Thursday, March 21, 2019
Essay Comparing Change in The Stranger and Nausea :: comparison compare contrast essays
Comparing kind in The Stranger and Nausea Existentialists mean that we cant curve, since we cant explain human fear, anguish, and pain. To rationalize is absurd, because in the final analysis, we will take a chance nothing. Life is absurd. This leads to the term Nothingness. Thus, since we cant find a meaning of life more than what we attempt to create by ourselves, we anguish. Living in the same era, Camus and Sartre individually helped to form the school of existentialism. Of rails there were others Kierkegaard, Heidegger, etc. But I have chosen Camus and Sartre because of the parsimony in the publication of their first novels.
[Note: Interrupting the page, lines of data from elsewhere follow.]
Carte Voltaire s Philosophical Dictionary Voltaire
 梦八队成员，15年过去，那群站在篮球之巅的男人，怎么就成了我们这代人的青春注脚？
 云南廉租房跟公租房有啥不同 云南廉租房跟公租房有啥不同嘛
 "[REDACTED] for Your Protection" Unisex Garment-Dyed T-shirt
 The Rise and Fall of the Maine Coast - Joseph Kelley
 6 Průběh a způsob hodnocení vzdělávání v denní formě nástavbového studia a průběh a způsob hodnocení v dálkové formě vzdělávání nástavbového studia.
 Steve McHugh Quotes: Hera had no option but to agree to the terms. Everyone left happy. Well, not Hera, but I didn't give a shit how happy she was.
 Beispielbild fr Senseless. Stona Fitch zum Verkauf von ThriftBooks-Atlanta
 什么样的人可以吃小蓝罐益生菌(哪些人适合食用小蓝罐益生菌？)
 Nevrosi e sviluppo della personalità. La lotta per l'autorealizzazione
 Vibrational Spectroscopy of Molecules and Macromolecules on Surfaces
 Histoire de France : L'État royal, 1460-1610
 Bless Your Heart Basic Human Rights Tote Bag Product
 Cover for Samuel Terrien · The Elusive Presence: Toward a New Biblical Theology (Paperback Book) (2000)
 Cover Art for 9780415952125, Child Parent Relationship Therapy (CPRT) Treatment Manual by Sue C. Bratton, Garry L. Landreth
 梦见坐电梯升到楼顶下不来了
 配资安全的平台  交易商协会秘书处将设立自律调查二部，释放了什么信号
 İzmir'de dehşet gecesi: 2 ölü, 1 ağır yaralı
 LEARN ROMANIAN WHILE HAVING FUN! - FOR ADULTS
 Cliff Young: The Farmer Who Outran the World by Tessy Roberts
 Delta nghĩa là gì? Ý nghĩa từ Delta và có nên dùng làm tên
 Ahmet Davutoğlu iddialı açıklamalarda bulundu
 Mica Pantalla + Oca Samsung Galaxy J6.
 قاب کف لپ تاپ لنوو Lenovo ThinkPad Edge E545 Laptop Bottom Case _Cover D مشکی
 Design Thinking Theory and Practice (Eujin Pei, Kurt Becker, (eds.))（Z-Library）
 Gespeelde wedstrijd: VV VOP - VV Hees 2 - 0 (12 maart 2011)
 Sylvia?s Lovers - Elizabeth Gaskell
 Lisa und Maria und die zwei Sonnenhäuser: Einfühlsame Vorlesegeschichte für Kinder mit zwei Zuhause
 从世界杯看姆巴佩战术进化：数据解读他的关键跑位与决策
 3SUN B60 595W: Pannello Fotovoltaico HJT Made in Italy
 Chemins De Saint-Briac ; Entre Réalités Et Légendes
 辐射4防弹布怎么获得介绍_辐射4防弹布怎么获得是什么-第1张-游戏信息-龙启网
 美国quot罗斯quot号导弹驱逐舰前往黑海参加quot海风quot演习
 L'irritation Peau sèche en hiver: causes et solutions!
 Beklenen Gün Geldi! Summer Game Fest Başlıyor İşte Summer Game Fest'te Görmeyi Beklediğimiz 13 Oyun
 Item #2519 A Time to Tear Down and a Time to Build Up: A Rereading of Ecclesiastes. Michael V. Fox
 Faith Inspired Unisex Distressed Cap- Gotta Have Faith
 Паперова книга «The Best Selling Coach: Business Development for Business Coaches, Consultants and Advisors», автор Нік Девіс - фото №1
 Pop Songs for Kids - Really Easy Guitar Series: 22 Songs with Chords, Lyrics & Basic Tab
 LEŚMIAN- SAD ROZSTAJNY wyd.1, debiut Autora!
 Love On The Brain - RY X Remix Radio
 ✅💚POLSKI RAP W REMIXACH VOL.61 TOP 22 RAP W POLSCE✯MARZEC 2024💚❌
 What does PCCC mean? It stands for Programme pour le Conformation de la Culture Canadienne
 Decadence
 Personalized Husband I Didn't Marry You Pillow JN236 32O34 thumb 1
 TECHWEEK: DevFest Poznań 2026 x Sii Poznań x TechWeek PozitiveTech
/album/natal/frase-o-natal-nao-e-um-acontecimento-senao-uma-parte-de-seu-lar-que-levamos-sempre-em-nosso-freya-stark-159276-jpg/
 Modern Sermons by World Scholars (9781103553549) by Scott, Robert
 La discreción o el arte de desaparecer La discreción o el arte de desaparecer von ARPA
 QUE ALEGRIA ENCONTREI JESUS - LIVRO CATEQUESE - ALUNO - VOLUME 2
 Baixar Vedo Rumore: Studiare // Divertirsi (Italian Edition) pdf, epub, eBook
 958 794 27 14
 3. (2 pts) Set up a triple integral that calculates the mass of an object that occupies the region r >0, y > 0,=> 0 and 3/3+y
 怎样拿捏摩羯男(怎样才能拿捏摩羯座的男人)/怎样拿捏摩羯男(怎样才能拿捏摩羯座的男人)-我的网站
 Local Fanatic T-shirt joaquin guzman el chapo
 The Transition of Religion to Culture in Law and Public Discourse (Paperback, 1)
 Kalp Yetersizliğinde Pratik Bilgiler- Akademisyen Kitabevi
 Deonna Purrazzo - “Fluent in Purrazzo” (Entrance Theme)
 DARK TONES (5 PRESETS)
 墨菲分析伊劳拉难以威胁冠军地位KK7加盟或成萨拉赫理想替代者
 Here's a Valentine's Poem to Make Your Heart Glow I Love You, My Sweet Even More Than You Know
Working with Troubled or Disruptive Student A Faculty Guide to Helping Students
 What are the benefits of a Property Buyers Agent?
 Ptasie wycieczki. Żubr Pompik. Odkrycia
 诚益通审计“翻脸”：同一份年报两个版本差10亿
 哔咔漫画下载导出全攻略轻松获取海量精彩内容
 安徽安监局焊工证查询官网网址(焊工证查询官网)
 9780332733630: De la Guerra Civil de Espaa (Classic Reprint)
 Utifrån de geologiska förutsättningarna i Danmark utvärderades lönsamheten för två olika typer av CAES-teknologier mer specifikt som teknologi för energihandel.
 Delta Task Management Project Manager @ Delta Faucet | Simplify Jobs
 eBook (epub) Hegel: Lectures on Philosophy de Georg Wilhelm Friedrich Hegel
Camus published his first novel, The Stranger, in 1942, objet dart Sartre published his first novel, Nausea, in 1938. I am interested in the way they look at alteration in The Stranger and Nausea. In The Stranger, the main character is Mersault. His mother dies and he travels to her home for the burial. The day subsequently the funeral, Mersault gets together with a woman, Marie. He becomes friends with Raymond, a neighbor. Raymond is having an argument with some Arabs. Mersault is whence pulled into the dis personatee between Raymond and the Arabs. Finally, on a sunny afternoon at the beach, Mersault kills one of the Arabs, even though he really has nothing against him. Mersault is put on trial and sentenced to death. Nausea is the journal of Antoine Roquentin Nausea is the resulting disorientation Roquentin feels from having his conception revealed. Through a self analysis, Roquentin discovers that his existence is meaningless. He has been living for the past tense three years in the French town of Bouville and is working on a history book. Mersault is characterized by an indifference to change. At one time, Mersault gets an invitation to trip to Paris by his boss, but he declines. Mersault says that people never change their lives, that in any case one life was as nifty as another and that I wasnt dissatisfied wi th mine at all. (Camus, p. 41) Mersault is subject area with what he got. He has his work, his home and his girl its all he needs. He lives, like Roquentin, in solitude, reflecting upon the actions of others. But he never gets involved since it doesnt way out to him. He neither feels happy nor sad. It is as if all emotions were drained from his body.